Artificial Intelligence & Machine Learning
,
Next-Generation Technologies & Secure Development
ARC-AGI-2 Measures AI’s Ability to Problem Solve With Fewer Resources

A new benchmark to evaluate artificial general intelligence has leading artificial intelligence models stumped.
See Also: Capturing the cybersecurity dividend
The Arc Prize Foundation’s ARC-AGI-2 test aims to assess problem-solving abilities of AI models in novel scenarios. OpenAI’s o1-pro and DeepSeek’s R1 have respectively scored 1% and 1.3% on the test, while non-reasoning models including GPT-4.5, Claude 3.7 Sonnet and Gemini 2.0 Flash similarly achieved scores around 1%.

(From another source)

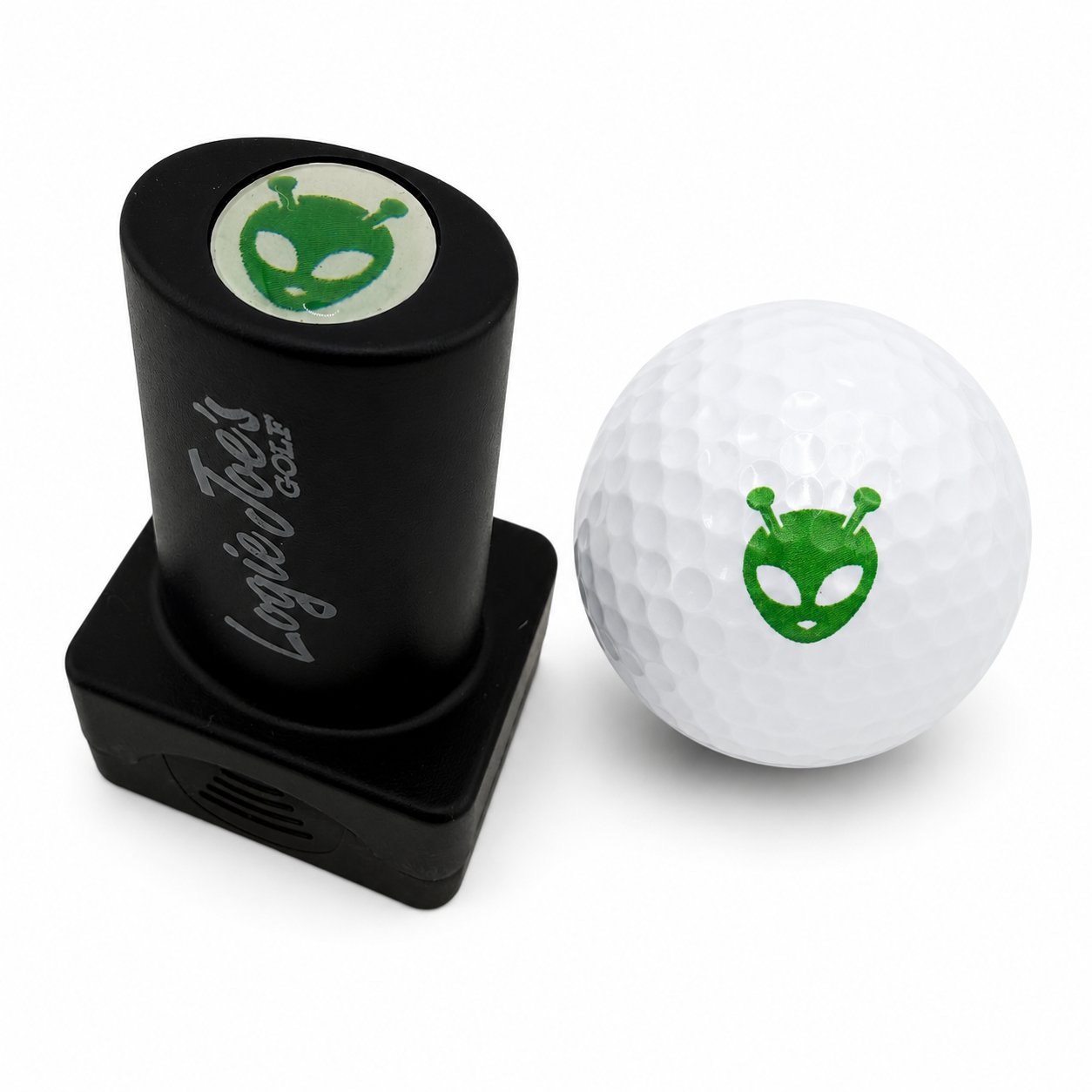 The Alien Golf Ball Stamp, featuring quick-dry ink and a green alien face logo, sits beside a white golf ball—making ball identification easy and adding fun to your game with this unique personalized accessory.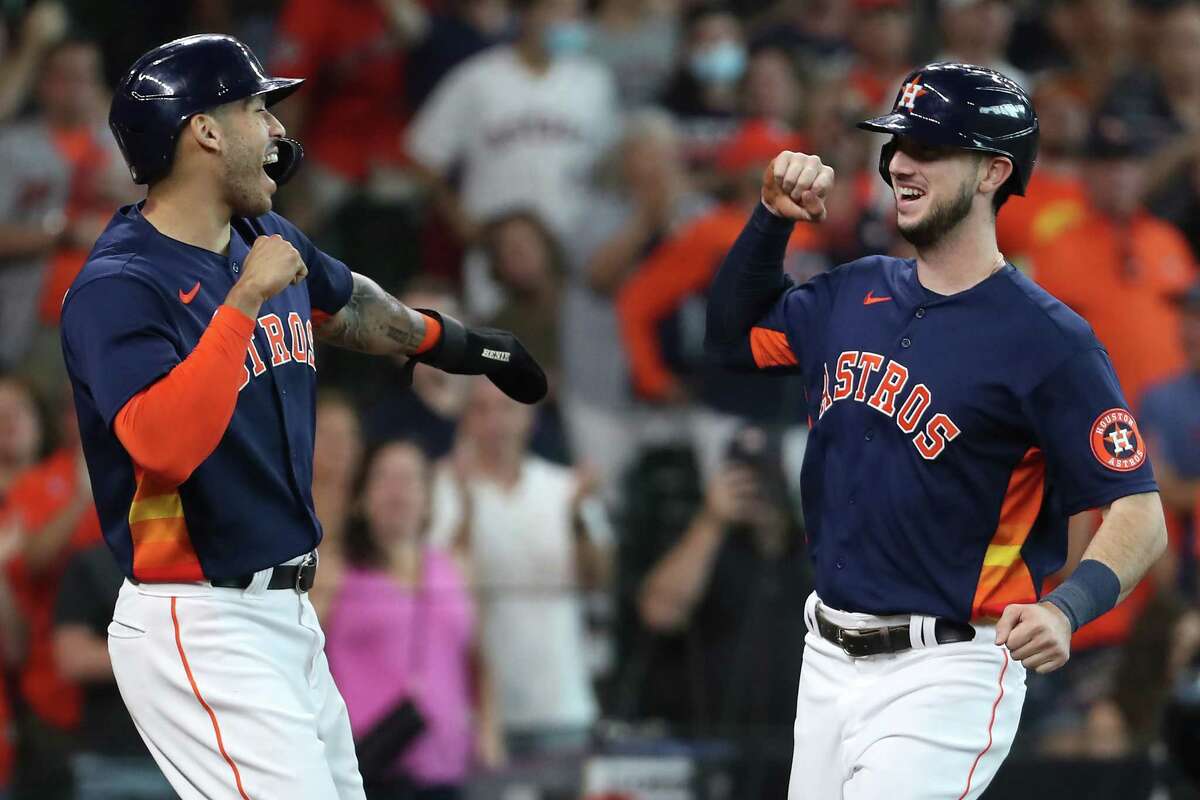 Houston Astros shortstop Carlos Correa, left, greets right fielder Kyle Tucker (30) at home after scoring on Tucker's 3-run home run off San Diego Padres starting pitcher Blake Snell during the first inning of a major league baseball game Sunday, May 30, 2021, at Minute Maid Park in Houston.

ARC-AGI-2 builds on its predecessor ARC-AGI-1, which was unbeaten for nearly five years until OpenAI’s o3 model attained human-level performance in late 2024. But the model’s accomplishment came with significant computational expense. The new test introduces a focus on efficiency, measuring a model’s problem-solving ability and the resources it consumes.
AI researcher and Arc Prize Foundation Co-Founder François Chollet said in a post on X, formerly Twitter, that the updated test resolves shortcomings of ARC-AGI-1. The revised benchmark discourages reliance on excessive computing power, focusing on efficiency as a critical measure of progress toward AGI.
“Intelligence is not solely defined by the ability to solve problems or achieve high scores,” said Greg Kamradt, president of the Arc Prize Foundation, in a blog post. “The efficiency with which those capabilities are acquired and deployed is a crucial, defining component.”
The ARC-AGI-2 presents puzzle-like challenges that require AI models to analyze visual patterns from multicolored square grids and generate solutions without prior exposure. Unlike traditional benchmarks that may favor models with massive computational power, this test is designed to reward adaptive reasoning. Over 400 human participants, who established a performance baseline, averaged 60% accuracy, significantly surpassing AI results.
While OpenAI’s o3 model demonstrated dominance on ARC-AGI-1 with a 75.7% score, its performance plummeted to 4% on ARC-AGI-2, despite using $200 worth of compute per attempt for some tasks. By introducing constraints to prevent brute-force approaches, ARC-AGI-2 aims to provide a more accurate measure of AI’s problem-solving capabilities.
Unlike tests that emphasize memorization or repetitive training, ARC-AGI-2 seeks dynamic reasoning and adaptability, potentially providing clearer insights into whether AI can genuinely learn and apply knowledge in unfamiliar situations.
“We know that brute-force search could eventually solve ARC-AGI given unlimited resources and time to search. This would not represent true intelligence,” the blog post said. “Intelligence is about finding the solution efficiently, not exhaustively.”
In addition to announcing the benchmark, the foundation launched the Arc Prize 2025 competition. Participants are tasked with achieving an 85% accuracy score on ARC-AGI-2 while limiting computational costs to $0.42 per task, aiming to reward innovations in AI reasoning over reliance on expensive computational power.